Long Night of the American Dream
by Martin Dockery
Concrete Drops Theatre - New York, NY
 http://MartinDockery.com
V.5 - Alloway Hall - Manitoba Museum 
Best new play of the year! An exciting, divisive, heartfelt, ridiculous, enraging, funny and head-spinning two-person play about the spasmodic slumber and voluptuous visions of a knackered nation. Directed by Vanessa Quesnelle, performed by Andrew Broaddus and Martin Dockery (winner of over 50 festival awards from 15 years of touring). Previous shows by Martin Dockery: The Stakeout, The Sex Life of Butterflies, Moonlight After Midnight, and many more. Also currently at this year's Fringe: Every Good Story Ends With One.
A world premiere.

Cast:
Andrew Broaddus & Martin Dockery

Director:
Vanessa Quesnelle

   
Show Info:
75 Minutes
Genre:
Play-Dramedy

Audience:
General



Thu July 20 2:45 PM*
*(2 for $12)
Sat July 22 8:15 PM
Sun July 23 11:15 AM
Mon July 24 3:00 PM
Thu July 27 9:45 PM
Fri July 28 6:15 PM
Sat July 29 2:45 PM
Sun July 30 12:30 PM+
+ASL Interpretation

Long Night of the American Dream

Concrete Drops Theatre—Alloway Hall – Manitoba Museum

This play, like Waiting for Godot, goes in circles and the plot, if there is one, is muddled and takes the form of an ongoing argument between two brothers about the play itself and each other’s roles and failures. The alleged play never happens, unless what we are experiencing IS the play, which seems more likely after one of them finds a manuscript about two brothers having an ongoing argument about a play which they are meant to be following. It’s like being in a chamber of mirrors. You’re not sure if what the actors are saying is what they are saying as actors discussing the play they are about to perform, or it is part of the newly discovered script they are now following. In fact they don’t seem to know themselves. This weird uncertainty, and the brothers’ sibling rivalry leads to a lot of dark humour and lots of laughs. But references to the divisions within American society start sneaking into the back-and-forth between the brothers, topics like immigration, abortion, guns, and contested elections. The brothers start to resemble the irreconcilable poles of American society. They sort of reconcile at the end, but not really, which seems to be the point.

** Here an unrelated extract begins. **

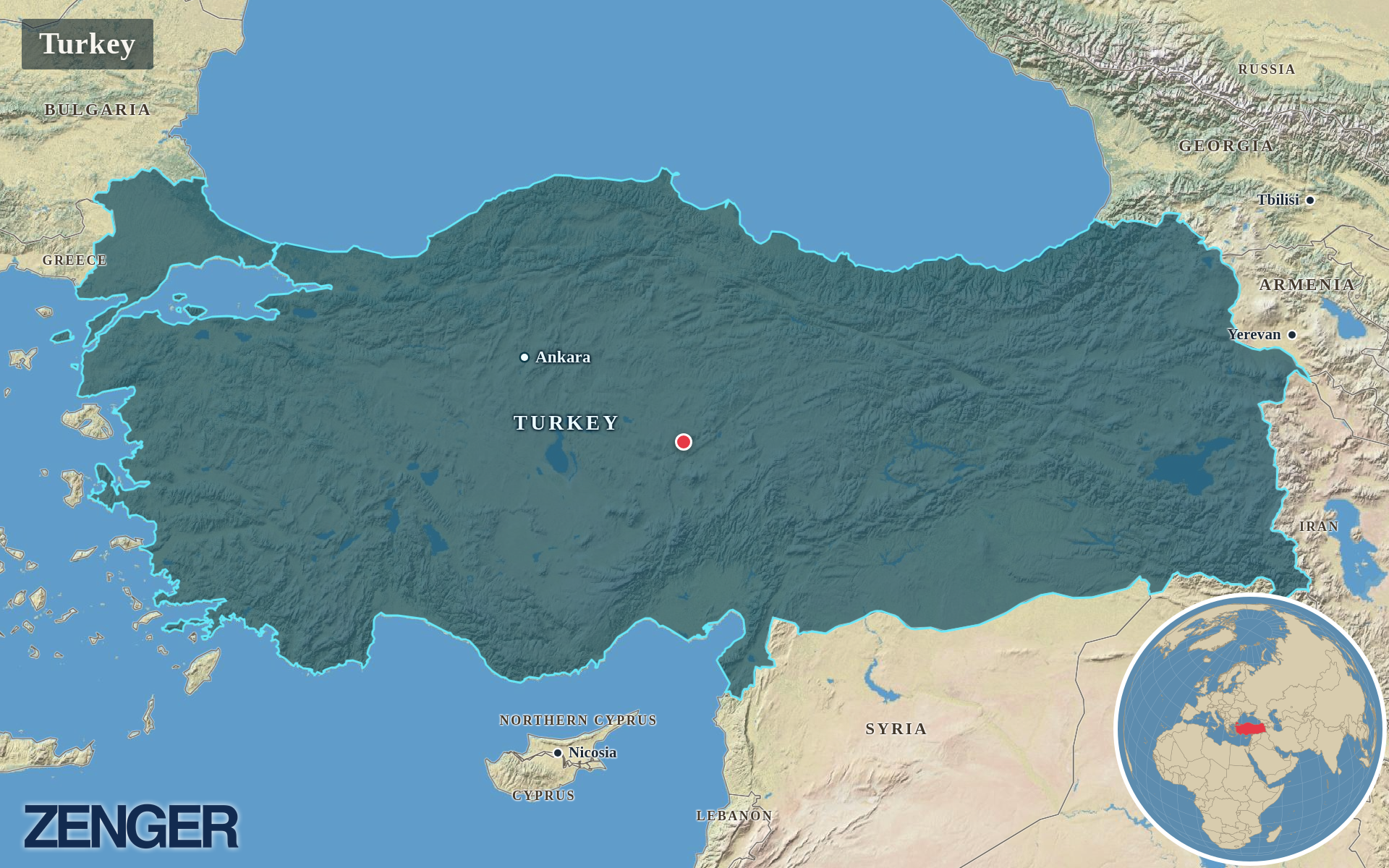 Protomaps / Natural Earth - Turkey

Throughout, the actors are amazingly able to maintain our uncertainty about whether they are actually acting in a play, or not. They tease the audience with pregnant pauses which falsely promise a return to an actual script and theatre norms, which never happens. In the end we have to accept that what we have witnessed is a play, the essence of which is a glancing critique of American society. And as in Sartre’s No Exit, it suggests that Americans have made their own kind of hell.

Jeremy Hull


Long Night of the American Dream

Concrete Drops Theatre—Alloway Hall – Manitoba Museum

Martin Dockery is back with a new script for him and (his bro?) Andrew Broaddus and directed by Marty’s wife Vanessa Quesnelle. Now they came here with a script, he came with a script…sort of. They, he, him explain the whole play, in a play about 2 actors playing 2 actors that are supposedly brothers in real life learning a script. To the point you want pull your hair out! It’s two squabbling actors acting…with a script or no script? The chemistry…or no chemistry?

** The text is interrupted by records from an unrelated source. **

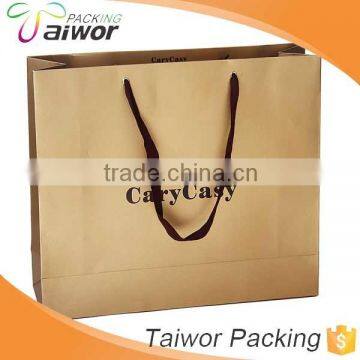 Custom printing eco friendly shopping kraft paper bags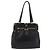 Prada Borsa Tote in Pelle Nera e Oro Auth 176925A Nero D'oro - vista 13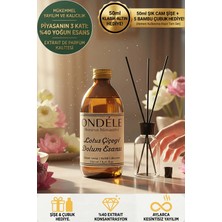 Ondéle Lotus Oda Kokusu Yedek Dolum Esansı 250ML - %40 Konsantre - Şişe & Bambu Hediyeli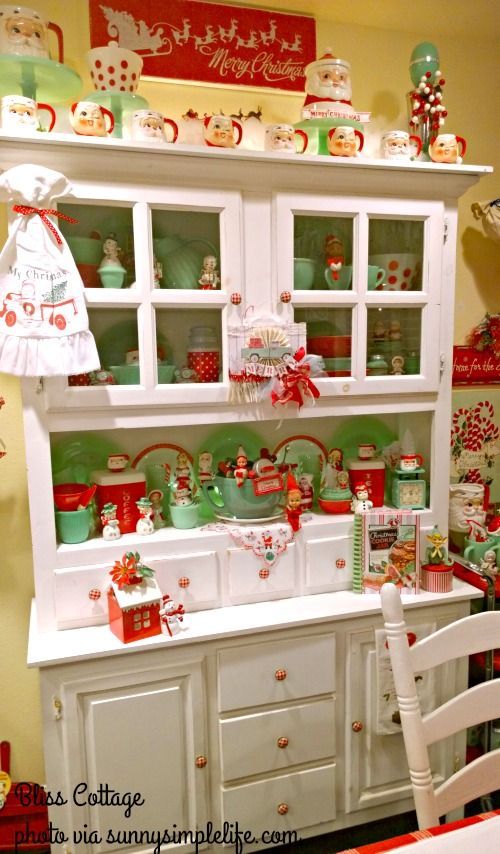 A Little Holiday Home Tour Of Bliss Cottage Christmas A Little Holiday Home Tour Of Bliss Cottage Christmas Vintage Jadeite Collection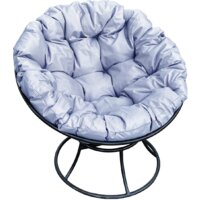 M-Group Папасан 12010409 (черный/серая подушка)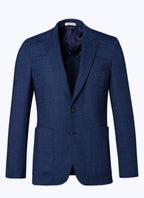 Fursac - Chaqueta de tejido de lana a cuadros - Indigo - Hombre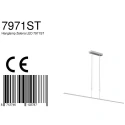 Steinhauer LED Pendelleuchte ZELENA, Up/Down, 155cm, 21+8W 2200-4000K (CCT) 2100+1600lm, CRi >90, mit Touch-Dimmer, stahl gebürstet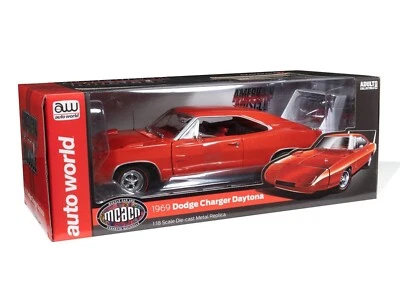 Autoworld 1:18 Scala - 1969 Dodge Caricabatterie Daytona Rosso AMM1324 - Immagine 1 di 4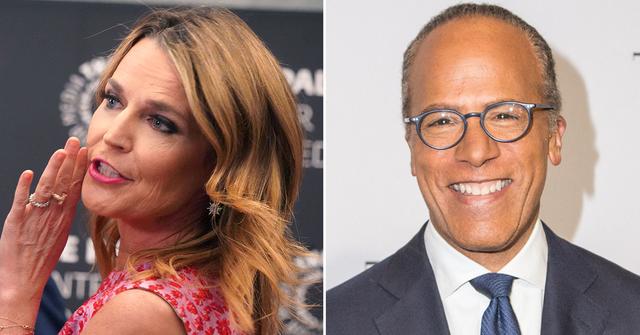 savannah guthrie snubbed lester holt nbc party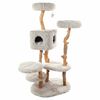 FLAMINGO Kattenmeubel Yuna 100x74x163 wit en naturel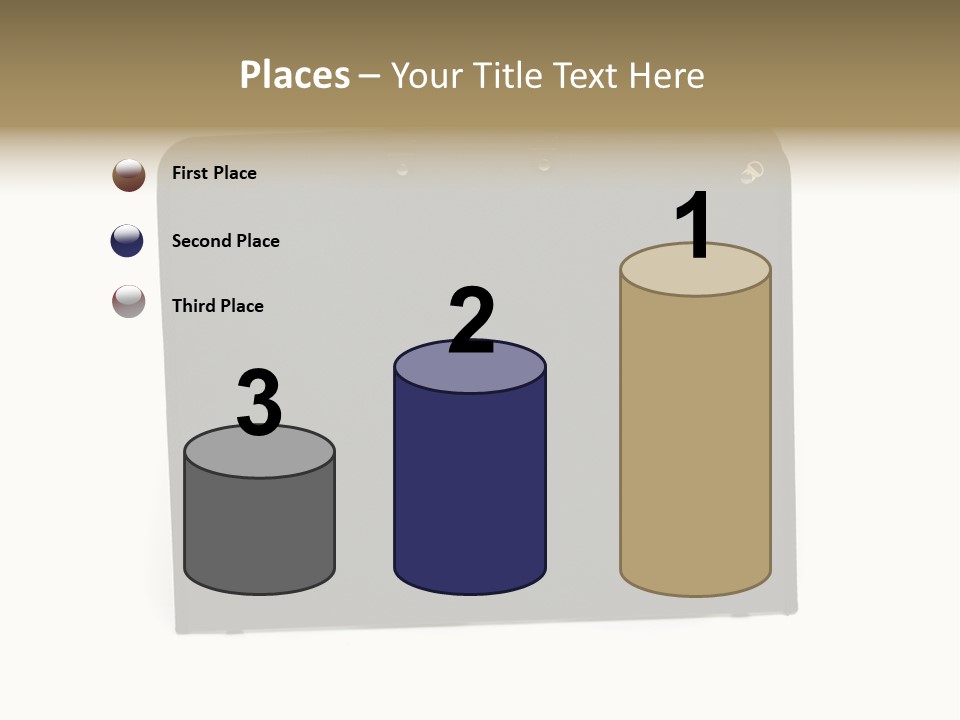 Picture Of Black Portfolio Case On White Background PowerPoint Template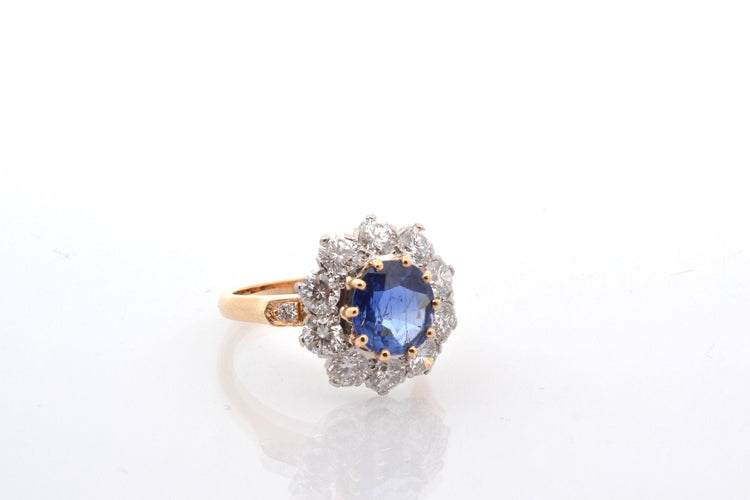 Bague 52 Bague saphir Birman de 2,19cts et diamants 58 Facettes 27236-27417-27461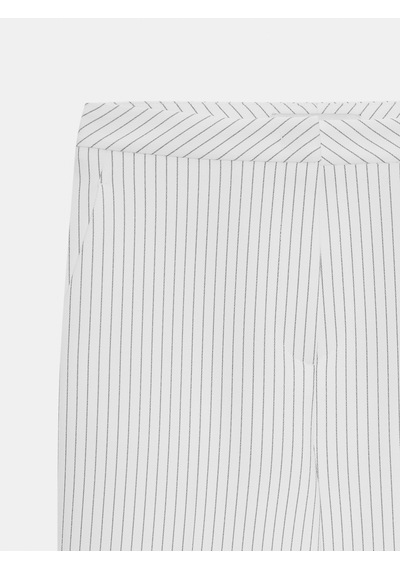 Dilvin 72660 Yırtmaçlı Paça Pantolon-beyaz Beyaz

You decide…you have to go through it with them to decide. Decisions, decisions, decisions!

Kevin Campbell


Long Night of the American Dream

Concrete Drops Theatre—Alloway Hall – Manitoba Museum

A show about a show about a show. For any fans of Martin Dockery, this is an absolute must see. Featuring the same cast and director as last year’s The Stakeout, Andrew Broaddus and Martin Dockery, with Vanessa Quesnelle directing, the same meta impulses are on full display to great effect. Without getting into any spoilers, the dialog is superb, an extremely strong back and forth patter with constant callbacks and repeated motifs, and the characters reveal a ton of depth over the show’s progression that is hidden by the show’s seemingly simple structure and character beats. Superb, and definitely one that both deserves to sell out every performance, and will, reader beware.